I called a friend who dropped everything and rushed over to get me. I was able to catch my husband just before he boarded the plane. When we got to the hospital, I was immediately taken in. The nurse helped me get my coat off, and when he saw my arm, he said, "oh my!," and took a deep breath. My arm was pointed in one direction, and my hand in the opposite direction. I had actually broken both of the large bones that run from the wrist to the elbow.

This is me 3 hours later.  


I was told that due to the nature of the break, I would need surgery. Fortunately, they were able to get me in on Monday. I am now the proud new owner of a plate and matching screws that now hold my wrist in place ;)

At this point, I am 2 1/2 weeks out of surgery. The cast is off, but I have a brace that I will have to wear for another 6 weeks. The week of the surgery was incredibly difficult. I was in so much pain. I couldn't even stand the effort of getting in the bed. Since I had re-injured my muscles, any movement was almost more than I could stand, so I slept on the sofa. 

On a sweet note...
One night I awoke and felt a little body snuggling in around my legs. Somehow, Berkley had managed to get out of the bedroom and make his way to me.      


He and Gracie have been my constant companions :) 
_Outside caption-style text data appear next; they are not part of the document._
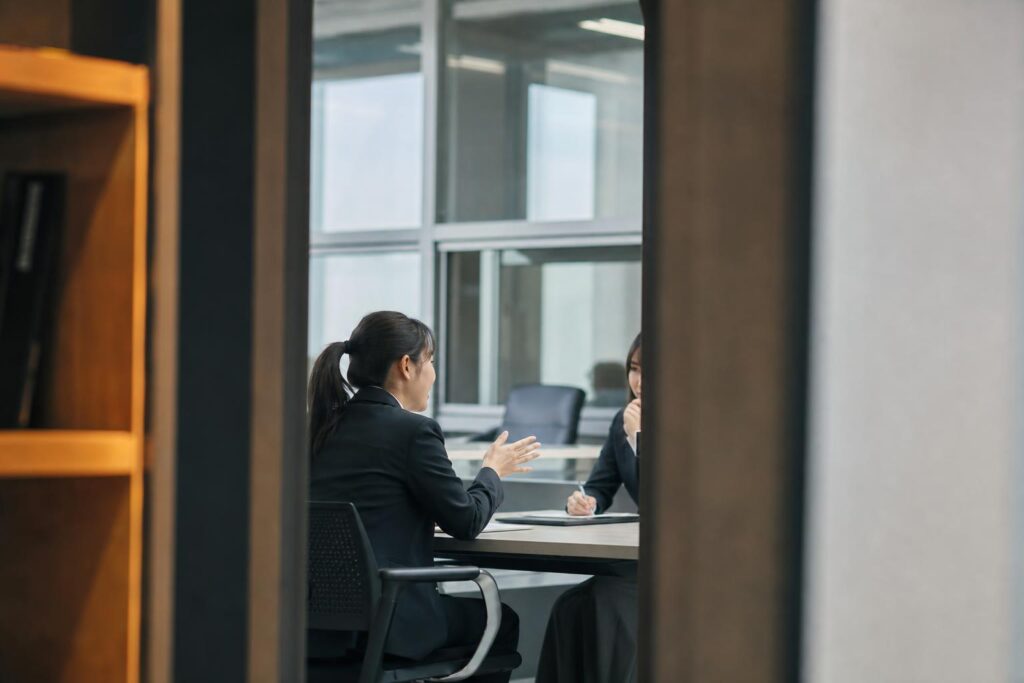 面接ブースの入口枠を前景に使い、応募者役が向かいの人事担当者へ身を乗り出して質問を投げかける様子を画面中央から外れた位置で中距離から捉え、背景の窓枠と椅子の輪郭がぼんやり写り込む構図。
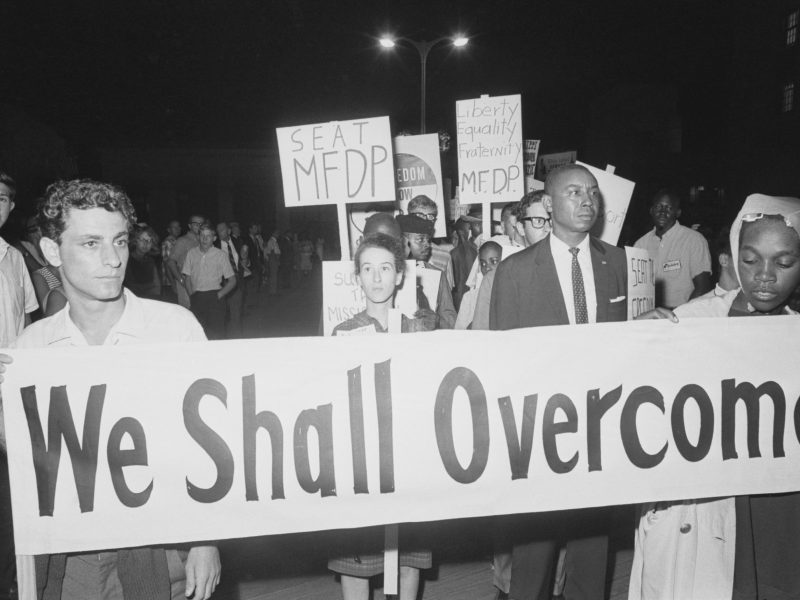 8/24/1964-Atlantic City, NJ: Some 100 civil rights demonstrators kept an all-night vigil before the Democratic Convention Hall in an attempt to seat members of the Freedom Democratic Party. In the center of the picture is Mrs. Rita Schwerner, widow of Michael Schwerner who was slain near Philadelphia, Mississippi this summer.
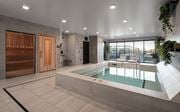 Vadnais Heights apartment for rent - A modern indoor swimming pool with a wooden door and a glass wall.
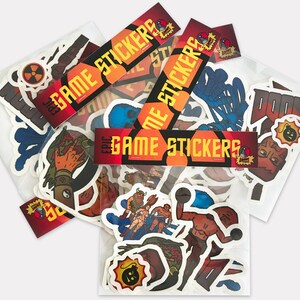 May include: A collection of colorful game stickers in various designs, including characters and symbols. The stickers are packaged in clear plastic and feature the text "GAME STICKERS" in orange and yellow. The stickers are of various sizes.
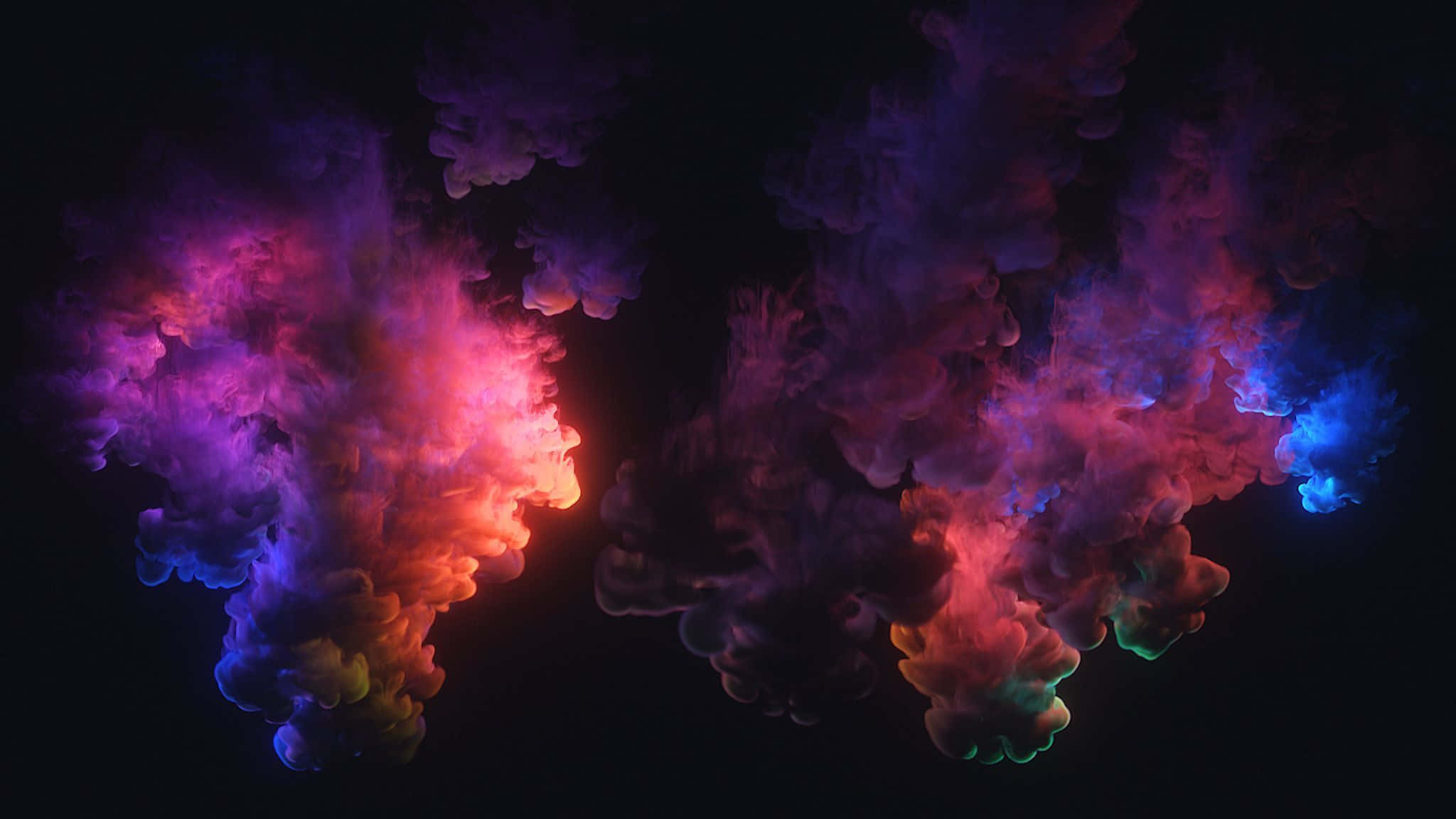 Color Smoke 桌布 壁紙 — 鮮豔的霓虹墨水雲在漆黑虛空中以宇宙色調旋轉，營造出超凡脫俗的抽象景象。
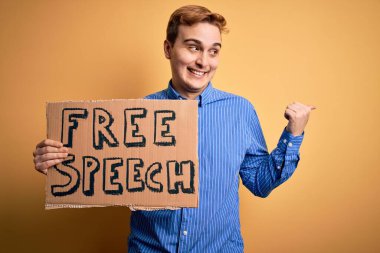 Genç, yakışıklı, kızıl saçlı, özgürlük isteyen özgür konuşma mesajı taşıyan pankartı tutan ve ağzı açık gülümseyen bir adam.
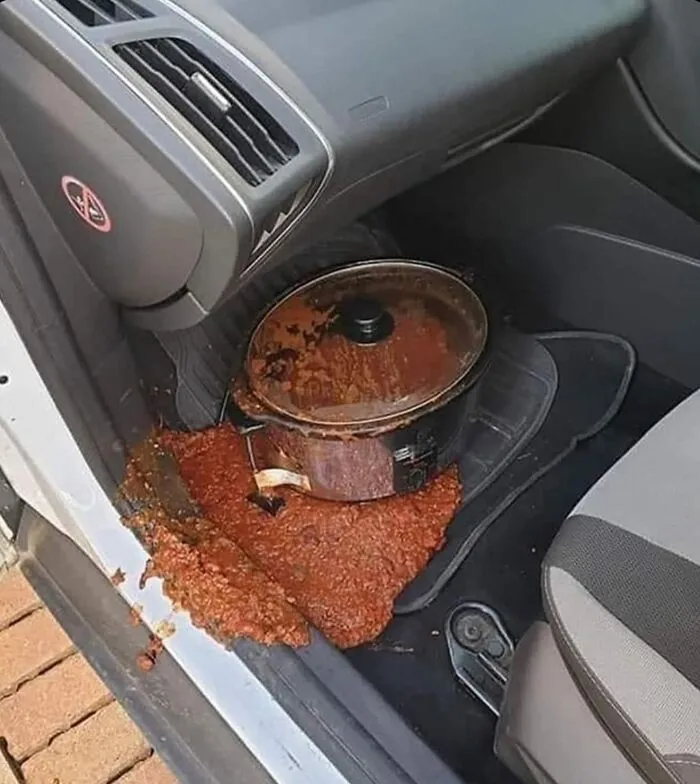 Pot of spilled food mess inside car on floor mat showing an unexpected fail in cooking gone wrong scene.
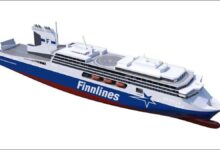 Large Grimaldi Group ferry with Wärtsilä propulsion sailing on calm blue waters.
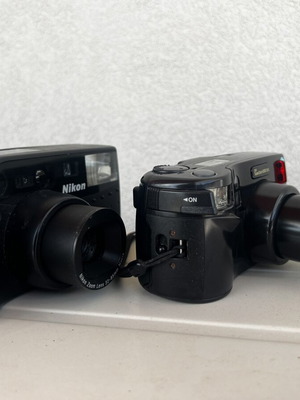 Olympus Super Zoom and Nikon Zoom Touch 600 cameras used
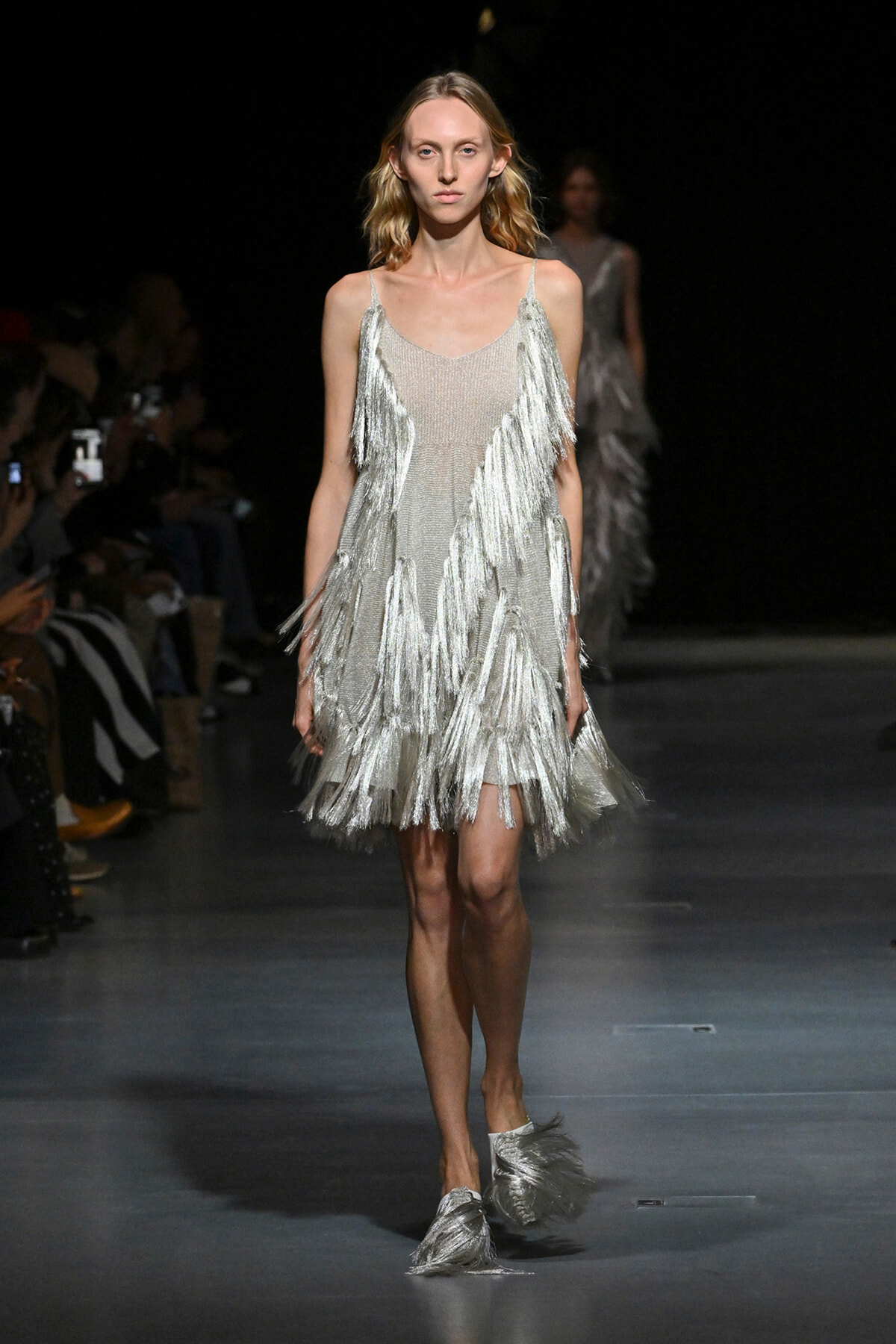 Model walking the runway in a shimmering silver fringe dress with long fringe strands cascading from the shoulders and hem.
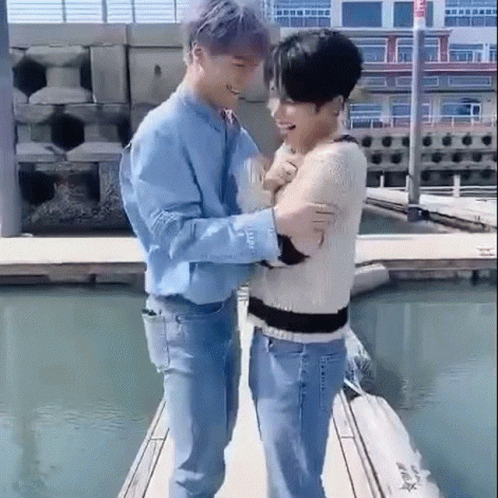 Two Men Standing on a Dock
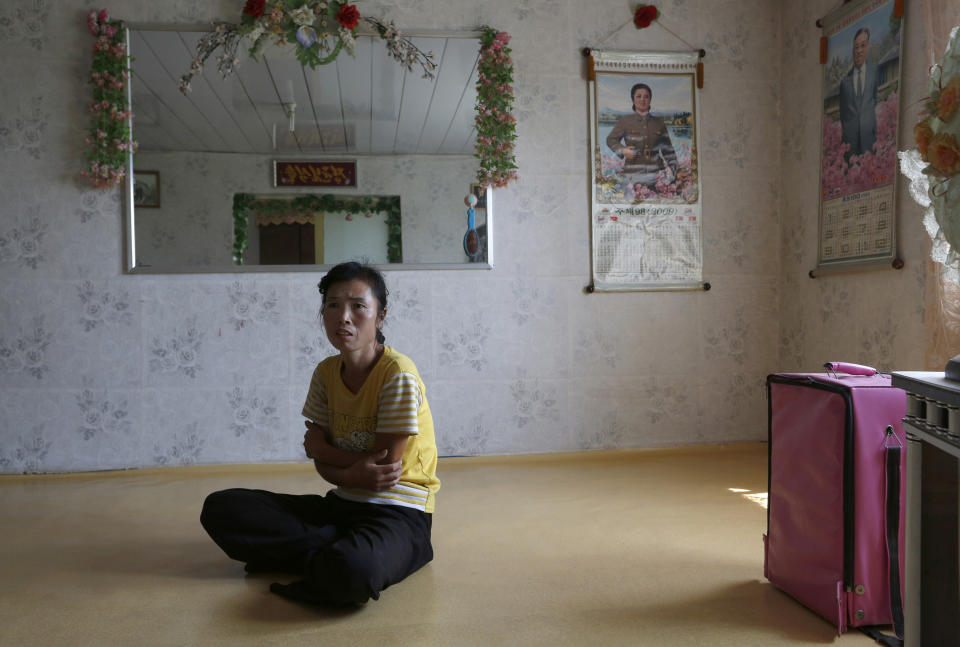 In this photo taken on Sunday, Sept. 23, 2012, North Korean farmer O Yong Ae sits at her home during an interview at the Migok Cooperative farm in Sariwon, North Hwanghae Province, North Korea. Farmers would be able to keep a bigger share of their crops under proposed changes aiming to boost production by North Korea's collective farms, which have chronically struggled to provide enough food for the country's 24 million people. Current rules require them to turn everything over to the state beyond what farmers can keep to feed their families. (AP Photo/Vincent Yu)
When I fell and broke my wrist, my first thought was, "why did this have to happen?" Since then, I have thought often of the verse, "In all things give thanks."  This happened for a reason, not sure why, but in time, I will. 

Throughout this entire ordeal, I have had many blessings, a friend who was so calm under pressure, an incredibly attentive hospital staff, being able to get into surgery so quickly, sweet dogs to comfort me, and a husband who has been so understanding and helpful. Not being able to use my right hand has been an incredible learning experience, and humbling as well.

At my last rehab visit, the therapist had me hold a pair of scissors. I was told that I could begin to sew as long as I leave the brace on, and use my left hand to pick up fabric, etc. Each day I am feeling a little more like myself.

I'm looking forward to getting back into the swing of things!